しかし鞍田氏が民藝にみようとしている「インティマシー」とは、「いとおしさ」という感覚だ。民藝の基本コンセプトに柳宗悦が強調した「用の美」がある。用の美は、絵画や彫刻など、鑑賞を旨とする美術作品とは異なる美しさの世界、「使用」という文脈と結びついた機能美の世界を指すものである。しかし、鞍田氏は「美しさ」では汲み尽くせない別の側面が民藝にはあるのではないかと考える。それが「インティマシー」に注目する所以である。

その「インティマシー」に接続する文脈を探っていく過程で、鞍田氏は「偉大なる平凡」という言葉に注目する。柳は『民藝とは何か』という書物で、これに言及している。

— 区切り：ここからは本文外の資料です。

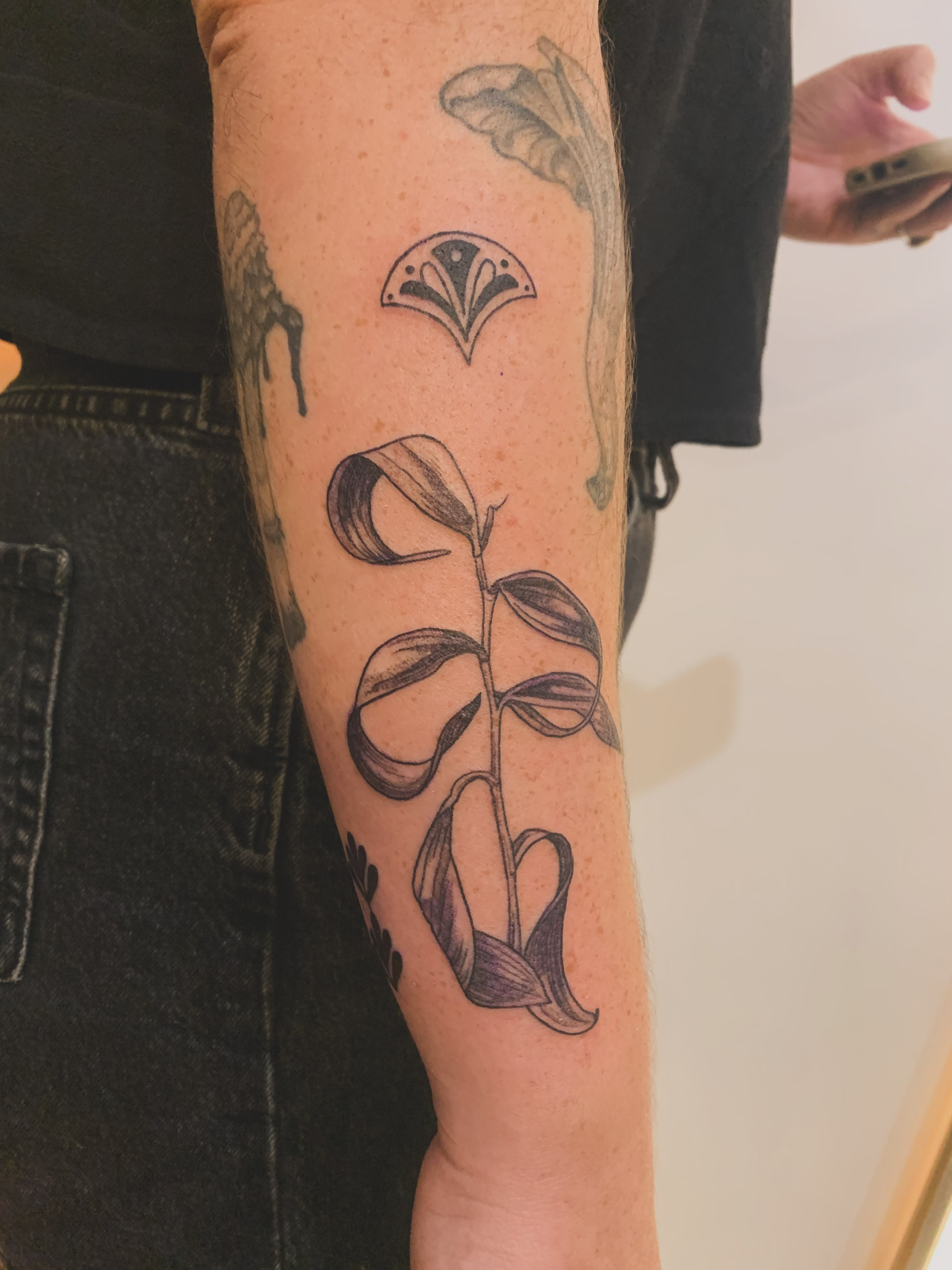 Tattoo by @peripeteiah — black_and_grey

あの平凡な世界、普通の世界、多数の世界、公の世界、誰も独占することのない共有のその世界、かかるものに美が宿るとは、幸福な報せではないでしょうか。否、かかる世界にのみ高い工藝の美が現れるとは、偉大な一つの福音ではないでしょうか。平凡への肯定、否、肯定のみされる平凡、私は民藝品に潜む美に、新しい一真理の顕現を感じるのです。私はこの偉大な平凡の中に、幾多の逆理が啓示されてくるのを順次に見守っています。

柳宗悦『民藝とは何か』講談社, p.59.

平凡とはいえ、ただの平凡ではない。「偉大なる平凡」である。遠くかなたの理想に対する、身近な手元の現実ともいえるだろうか。凡庸、平凡、普通。ここに柳は民藝の「別なるもの」、オルタナティヴとしての価値を見いだしていた。実際のところ、世間がいちばん求めていないのが「ふつう」であり、平凡ではないか。それをあえて選ぶということは、実は最も深く時代の価値観を相対化することを意味するのかもしれない、と鞍田氏はいう。

柳が民藝のコンセプトのもとですくいあげようとした現実から出てきたものが「平凡」であった。夢なんか見ようがない、悲しみにみちた「平凡」。その現実をうやむやにせず、そこに深く共感する中で培われたまなざしである。そうしたまなざしが重なりあうときに生まれる感情が「いとおしさ」ではないか、と鞍田氏は述べている。